The Desert Prince
The Desert Prince
"North!" Reb echoes. The scribe looks like he's just tumbled off the back of a donkey. "You wish us to go north after Princess Merat?"
"Yes," I say. My heart and mind are still racing from our confrontation with the queen of Egypt. "If we hurry, we may catch up to the Hyksos chieftain and his men. Did you not hear Queen Anat? The princess was given to him just before the queen herself arrived here."
"You mean when she arrived here to kill us," Reb points out. "Why should we trust anything the queen says? She came to take the scroll and send us to the underworld." He gestures at the mastaba that houses my parents' bodies, that would have held our bodies if not for the intervention of young Prince Tutan and Ahmes.

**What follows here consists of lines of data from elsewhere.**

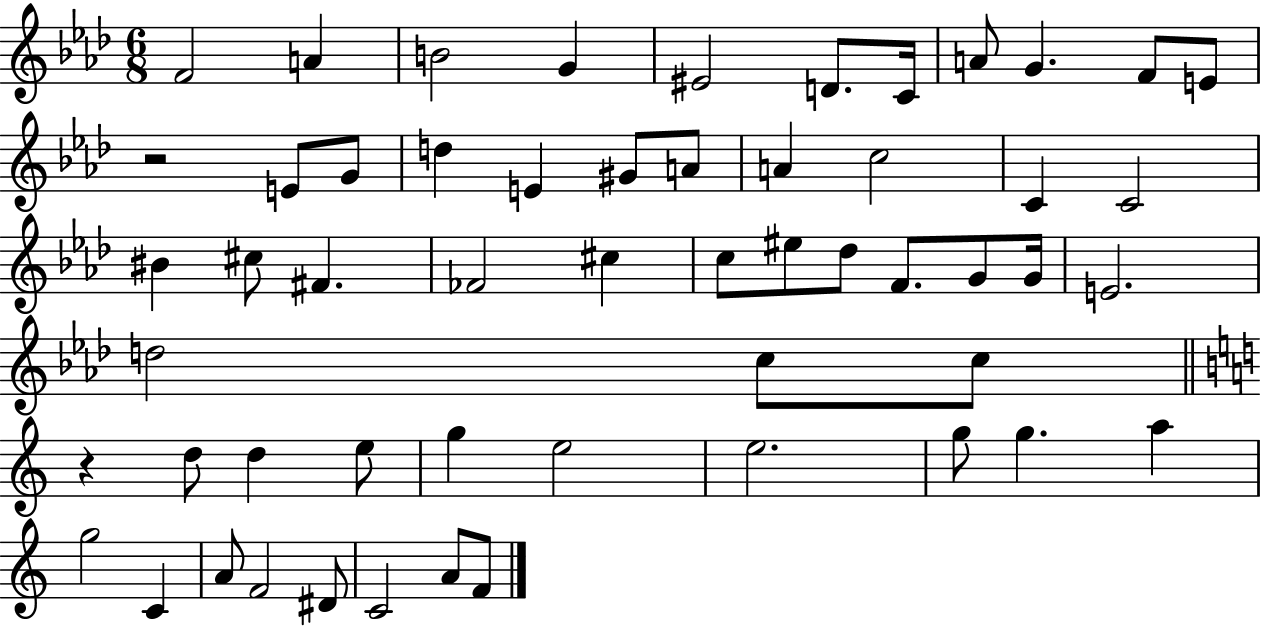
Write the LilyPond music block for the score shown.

{
  \clef treble
  \numericTimeSignature
  \time 6/8
  \key aes \major
  f'2 a'4 | b'2 g'4 | eis'2 d'8. c'16 | a'8 g'4. f'8 e'8 | \break r2 e'8 g'8 | d''4 e'4 gis'8 a'8 | a'4 c''2 | c'4 c'2 | \break bis'4 cis''8 fis'4. | fes'2 cis''4 | c''8 eis''8 des''8 f'8. g'8 g'16 | e'2. | \break d''2 c''8 c''8 | \bar "||" \break \key c \major r4 d''8 d''4 e''8 | g''4 e''2 | e''2. | g''8 g''4. a''4 | \break g''2 c'4 | a'8 f'2 dis'8 | c'2 a'8 f'8 | \bar "|."
}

"It's a good thing she only accomplished the first task," Paser says cheerily, still holding the surgical blade Ahmes gave him.

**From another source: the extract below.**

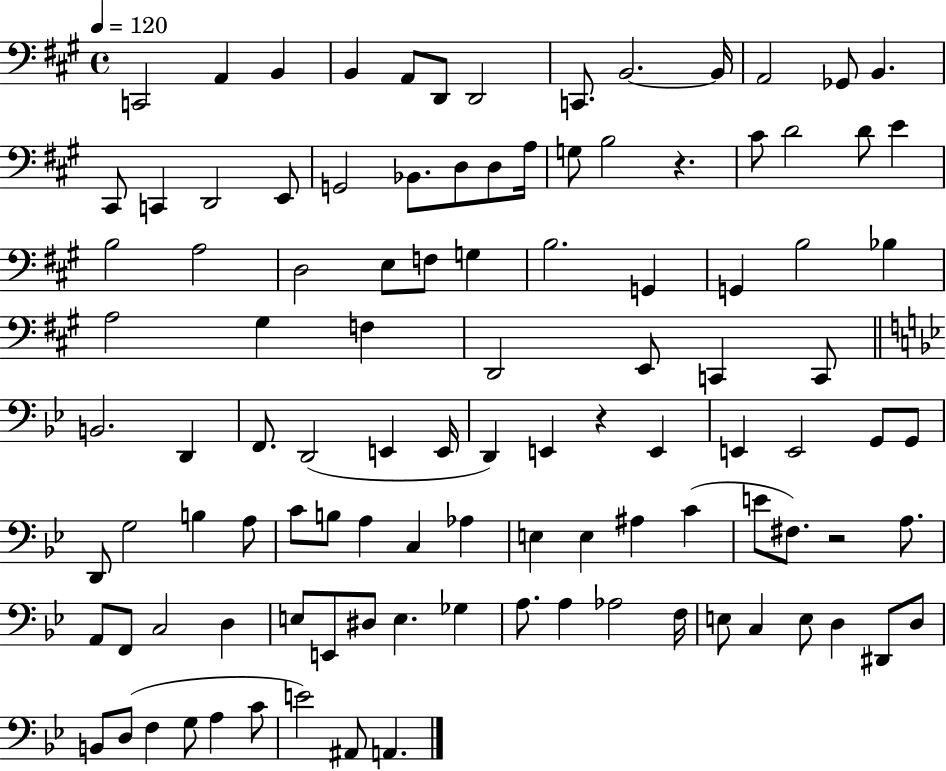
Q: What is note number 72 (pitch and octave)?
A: C4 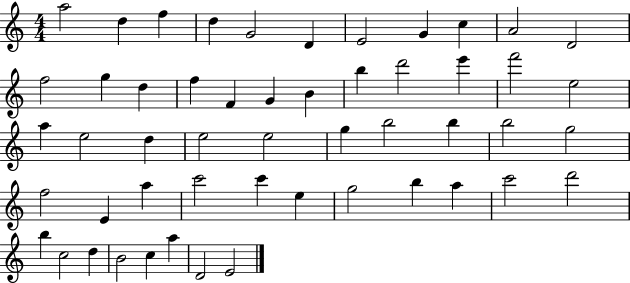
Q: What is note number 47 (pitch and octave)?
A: D5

By the gods' good graces, the physician's knife and the prince's royal command were enough to stop Crooked Nose from entombing us alive.
Writing a sequel is difficult, especially a sequel to a book, The Lost Scroll of the Physician that ends with a real cliff-hanger. Do you plunge right in or backpedal in order to bring new, or forgetful, readers up to speed with what is going on? Sevigny opts for the former approach, with the result that the reader, i.e., me, took a couple of chapters to get my head around what had happened to date and what was going on. However, The Lost Scroll of the Physician ended with Sesha and her two fellow students/scribes/physicians, having freed the Hyksos spy from the pits where such "criminals" were put essentially to die, are about to set out in pursuit of the Hyksos delegation. They want to free Sesha's friend, the Egyptian princess Merat, who, very much against her wishes, has been given to the leader of this group as his bride. The spy, Pepi, has agreed to help them since he knows where they are headed, and they set off down the Nile in a stolen boat, make it across a very inhospitable stretch of desert and arrive at the oasis, now apparently an army training camp where the chieftain is planning his wedding and preparing to attack Thebes. Sesha manages to postpone the first, and, having gained some idea of the strength of the army and, therefore, the vulnerability of her own people, suggests that she (and the "spy" who has been revealed to be a relative of the chieftain) return to Thebes in order to persuade the Pharaoh to pay tribute rather than fight. As well, she will attempt to get back one of the two copies of the scroll of Imhotep in the hopes that it will contain the knowledge which will enable them to cure the chieftain's chief army captain. Success and failure go hand in hand, and, at the end of the book, readers are once again left with the story unresolved, a prophecy concerning Sesha and her brother Ky, now an adopted son of the Pharoah, unrevealed, and a whole lot of sick people needing looking after. Is The Lost Scroll of the Physician the second book of a trilogy or part of a longer series.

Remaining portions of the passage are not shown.